→ The problem
Look below for the line containing "Xe được trang"; from there, print each line exactly up to and including the line containing "Villa Ilo - devant", and stop.

→ Input for this task
━━━━━━━━━━

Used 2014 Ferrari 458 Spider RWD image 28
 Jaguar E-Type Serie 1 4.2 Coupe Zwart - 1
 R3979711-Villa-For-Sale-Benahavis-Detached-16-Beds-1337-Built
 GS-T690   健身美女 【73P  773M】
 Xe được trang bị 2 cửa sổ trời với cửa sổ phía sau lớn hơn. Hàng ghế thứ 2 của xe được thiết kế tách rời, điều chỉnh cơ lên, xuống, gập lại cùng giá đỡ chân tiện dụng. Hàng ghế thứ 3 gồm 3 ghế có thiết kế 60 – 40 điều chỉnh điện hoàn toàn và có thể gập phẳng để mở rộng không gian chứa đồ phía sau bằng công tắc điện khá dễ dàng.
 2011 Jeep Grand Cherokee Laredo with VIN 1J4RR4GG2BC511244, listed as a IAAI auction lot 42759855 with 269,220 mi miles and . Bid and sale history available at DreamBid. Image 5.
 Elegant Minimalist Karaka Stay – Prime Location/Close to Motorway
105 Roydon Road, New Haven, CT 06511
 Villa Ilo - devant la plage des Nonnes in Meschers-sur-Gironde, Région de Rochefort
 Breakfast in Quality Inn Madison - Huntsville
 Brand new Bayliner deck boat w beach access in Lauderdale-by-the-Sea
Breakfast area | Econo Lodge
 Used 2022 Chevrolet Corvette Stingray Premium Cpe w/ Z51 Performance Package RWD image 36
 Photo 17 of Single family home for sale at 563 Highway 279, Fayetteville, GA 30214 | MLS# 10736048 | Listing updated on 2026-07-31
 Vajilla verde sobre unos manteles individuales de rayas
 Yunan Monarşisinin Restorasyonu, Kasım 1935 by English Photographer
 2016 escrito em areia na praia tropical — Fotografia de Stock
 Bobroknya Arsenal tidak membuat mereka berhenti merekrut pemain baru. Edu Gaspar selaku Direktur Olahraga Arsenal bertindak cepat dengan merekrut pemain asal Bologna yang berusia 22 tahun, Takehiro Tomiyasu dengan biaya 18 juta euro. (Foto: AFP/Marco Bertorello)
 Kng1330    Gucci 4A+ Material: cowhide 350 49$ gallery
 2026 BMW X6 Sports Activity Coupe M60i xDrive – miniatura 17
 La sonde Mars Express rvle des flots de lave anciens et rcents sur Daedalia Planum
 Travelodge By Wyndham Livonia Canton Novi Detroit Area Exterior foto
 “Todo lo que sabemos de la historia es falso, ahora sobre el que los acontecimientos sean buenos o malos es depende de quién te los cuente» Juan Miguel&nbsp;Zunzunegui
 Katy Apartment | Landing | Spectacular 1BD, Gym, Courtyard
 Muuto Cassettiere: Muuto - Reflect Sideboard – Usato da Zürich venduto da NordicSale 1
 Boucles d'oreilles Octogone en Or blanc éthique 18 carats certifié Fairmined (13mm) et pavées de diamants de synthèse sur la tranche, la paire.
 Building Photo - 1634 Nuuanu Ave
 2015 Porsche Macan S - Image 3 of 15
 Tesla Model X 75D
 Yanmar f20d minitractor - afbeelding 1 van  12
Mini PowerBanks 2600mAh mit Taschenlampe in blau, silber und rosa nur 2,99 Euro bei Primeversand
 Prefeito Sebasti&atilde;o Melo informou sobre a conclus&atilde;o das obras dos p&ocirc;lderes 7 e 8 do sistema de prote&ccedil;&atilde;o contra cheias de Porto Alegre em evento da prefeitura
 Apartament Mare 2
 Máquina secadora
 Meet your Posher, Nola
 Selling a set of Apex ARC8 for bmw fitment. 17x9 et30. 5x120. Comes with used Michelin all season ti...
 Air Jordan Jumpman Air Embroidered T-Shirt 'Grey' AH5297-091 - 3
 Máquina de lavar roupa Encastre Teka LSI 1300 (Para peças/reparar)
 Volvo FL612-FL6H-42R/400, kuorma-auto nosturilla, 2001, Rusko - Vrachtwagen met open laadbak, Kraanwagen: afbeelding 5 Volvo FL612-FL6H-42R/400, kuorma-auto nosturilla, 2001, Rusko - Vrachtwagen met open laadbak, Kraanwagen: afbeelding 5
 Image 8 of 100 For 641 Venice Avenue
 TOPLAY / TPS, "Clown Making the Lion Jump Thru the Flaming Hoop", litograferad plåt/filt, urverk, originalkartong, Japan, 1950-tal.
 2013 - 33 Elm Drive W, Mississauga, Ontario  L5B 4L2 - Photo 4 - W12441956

━━━━━━━━━━

→ Solution to this problem
 Xe được trang bị 2 cửa sổ trời với cửa sổ phía sau lớn hơn. Hàng ghế thứ 2 của xe được thiết kế tách rời, điều chỉnh cơ lên, xuống, gập lại cùng giá đỡ chân tiện dụng. Hàng ghế thứ 3 gồm 3 ghế có thiết kế 60 – 40 điều chỉnh điện hoàn toàn và có thể gập phẳng để mở rộng không gian chứa đồ phía sau bằng công tắc điện khá dễ dàng.
 2011 Jeep Grand Cherokee Laredo with VIN 1J4RR4GG2BC511244, listed as a IAAI auction lot 42759855 with 269,220 mi miles and . Bid and sale history available at DreamBid. Image 5.
 Elegant Minimalist Karaka Stay – Prime Location/Close to Motorway
105 Roydon Road, New Haven, CT 06511
 Villa Ilo - devant la plage des Nonnes in Meschers-sur-Gironde, Région de Rochefort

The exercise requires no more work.